TASK BRIEF
Word for word, retype the lines from the one containing "I just put out" to the one containing "And then finally, they" below, keeping both end lines and dropping the pictures.

───── INPUT DATA

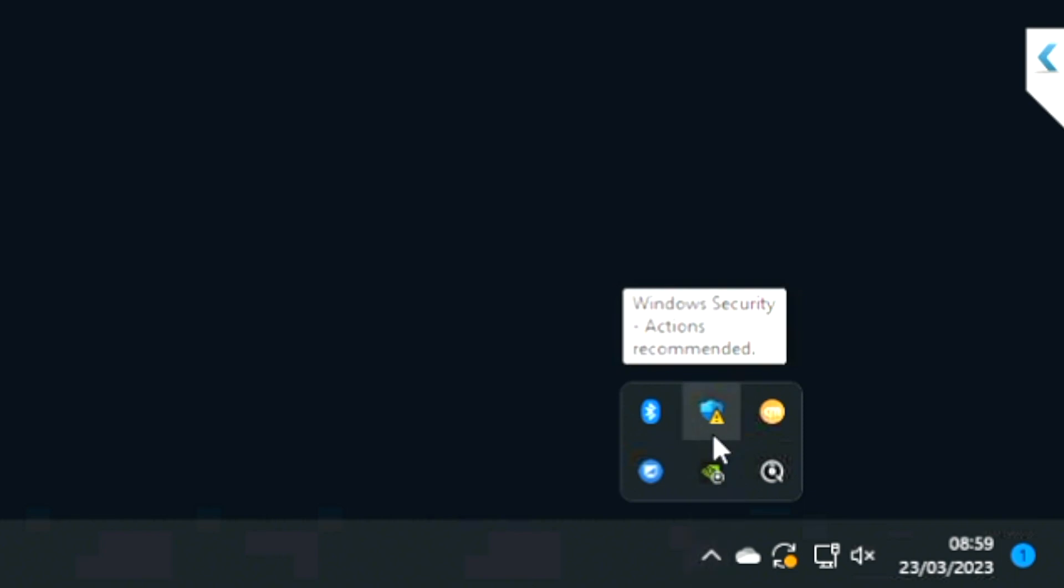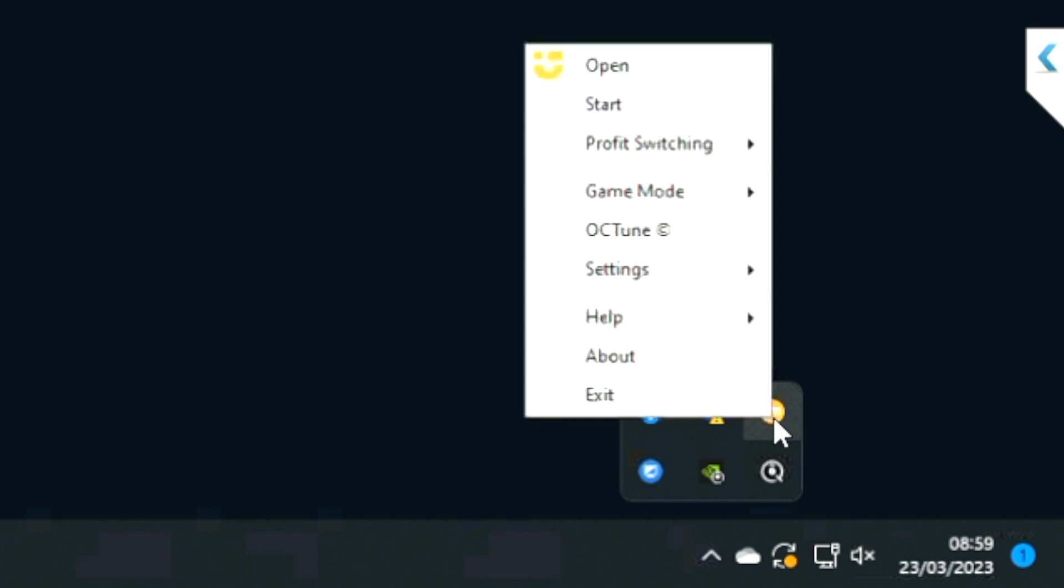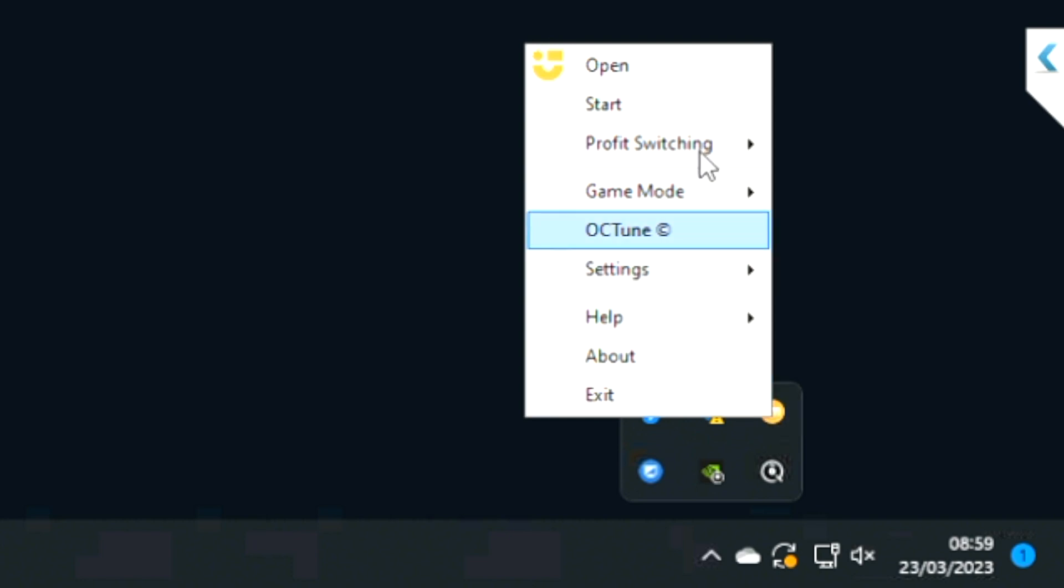Hey people, welcome back to Follow That Fixes. It's super easy to set up auto profit switching on NiceHash QuickMiner. Here I'm on PC, so you open up your notification area, find the QuickMiner icon, and right click on it. Then you'll see the profit switching option, third down.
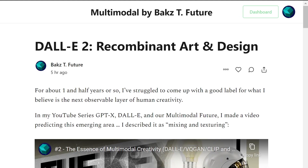I just put out a new article on my Substack newsletter called 'DALL-E 2 Recombinant Art and Design.' This is a term I've come up with to describe a category — basically to describe most of the images I'm seeing generated by DALL-E 2, as well as other multimodal AI art systems. In this video, I'm going to expand on this article a little bit.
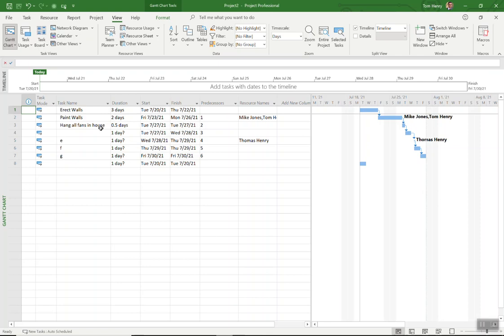So there we go, those are five things that you should definitely do in Microsoft project to make your life easier. If you follow those guidelines you're going to be in a very good spot. Thanks for watching.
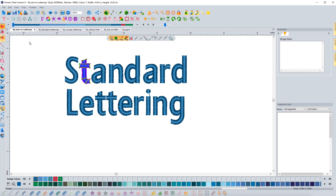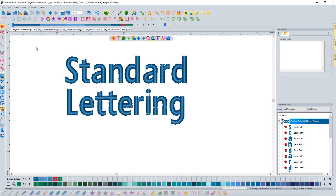Breaking text apart gives you more control over individual letters — you can change angles, shapes, start points, end points, and access regular satin edit features. I break up text most of the time because I want to change properties that aren't available in text mode. But the important thing is to make all possible changes while it's still in text mode first — like adjusting letter spacing — before converting, then do final adjustments afterward.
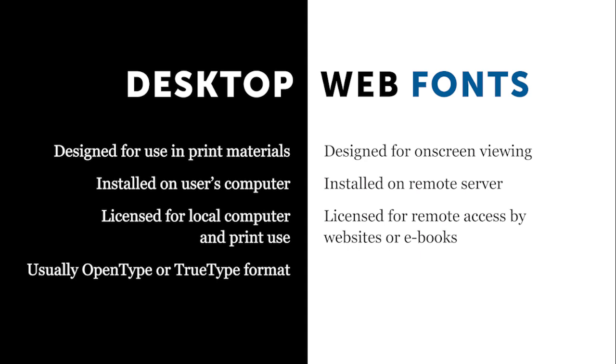And then finally, they are just very different from each other in terms of the formats. Most desktop fonts use OpenType or TrueType. And then the current standard for web fonts is what's called WOFF, and they follow a format of WOFF2.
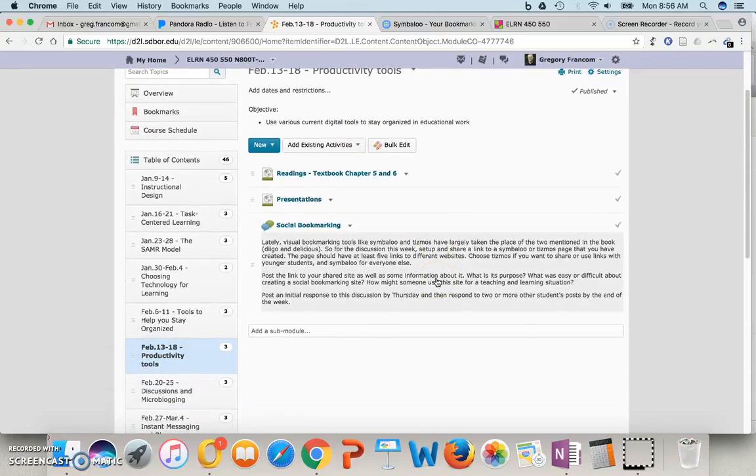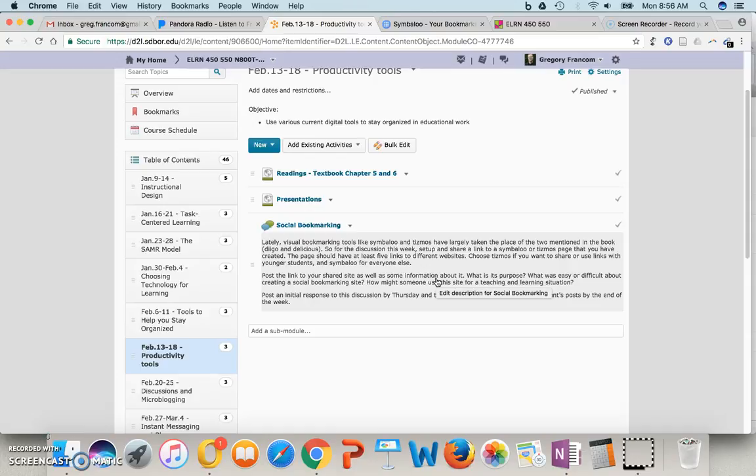And so you'll have those linked to videos that you can watch about those tools. And then social bookmarking discussion for this week. Discussion slash activity. It's bigger than just a discussion.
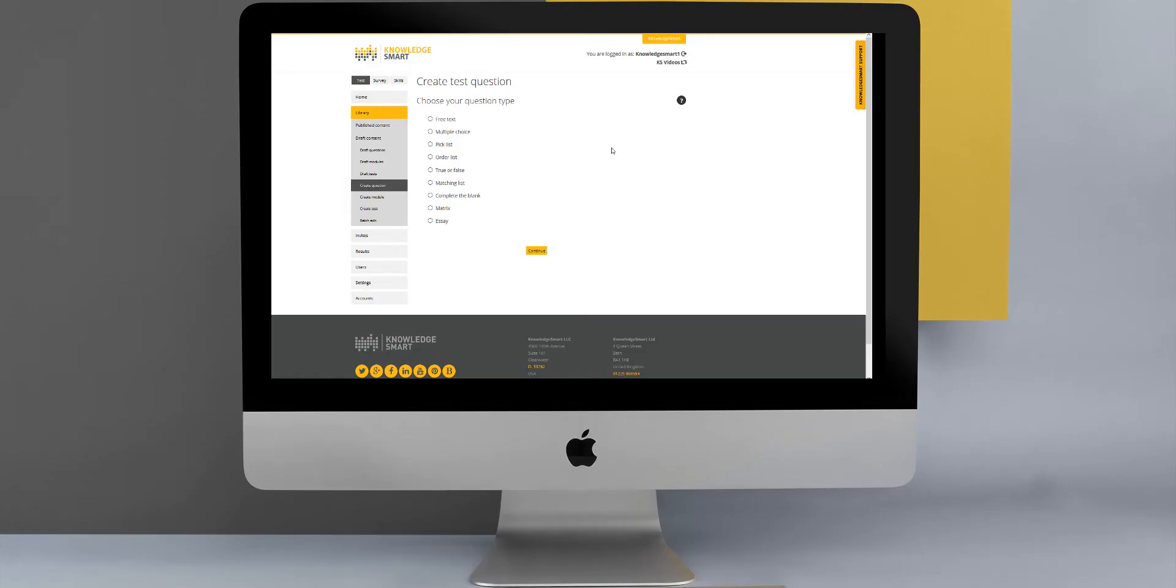In this KnowledgeSmart support video, we will run through the different types of questions that you might come across in a KnowledgeSmart assessment. As you can see on the screen here, there are about nine different types of questions that can be included in any custom assessment content.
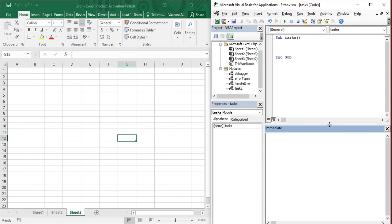Once your Immediate Window is visible, you can use two types of statements: get statements and set statements. You can either get the value of something or set the value. For example, if you want to find a simple answer to a question — like whether 10 is greater than 8 — that is a simple logical operation. You want to get the output of whether it is true or false, so this is a get statement.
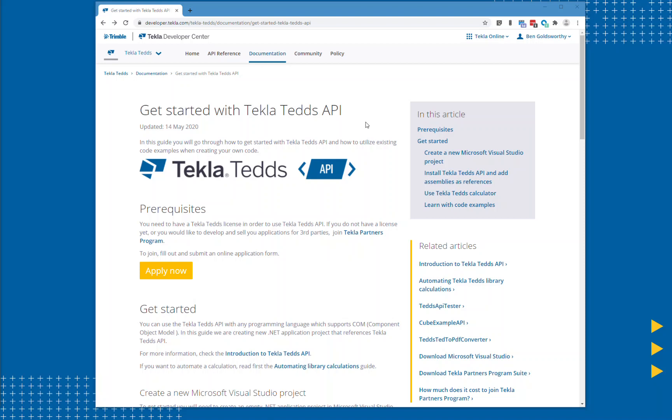In this video I'm going to show you how in just a couple of minutes you can get started using the Tecla Teds API.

──────────

RESPONSE AREA
I just put out a new article on my Substack newsletter called 'DALL-E 2 Recombinant Art and Design.' This is a term I've come up with to describe a category — basically to describe most of the images I'm seeing generated by DALL-E 2, as well as other multimodal AI art systems. In this video, I'm going to expand on this article a little bit.
So there we go, those are five things that you should definitely do in Microsoft project to make your life easier. If you follow those guidelines you're going to be in a very good spot. Thanks for watching.
Breaking text apart gives you more control over individual letters — you can change angles, shapes, start points, end points, and access regular satin edit features. I break up text most of the time because I want to change properties that aren't available in text mode. But the important thing is to make all possible changes while it's still in text mode first — like adjusting letter spacing — before converting, then do final adjustments afterward.
And then finally, they are just very different from each other in terms of the formats. Most desktop fonts use OpenType or TrueType. And then the current standard for web fonts is what's called WOFF, and they follow a format of WOFF2.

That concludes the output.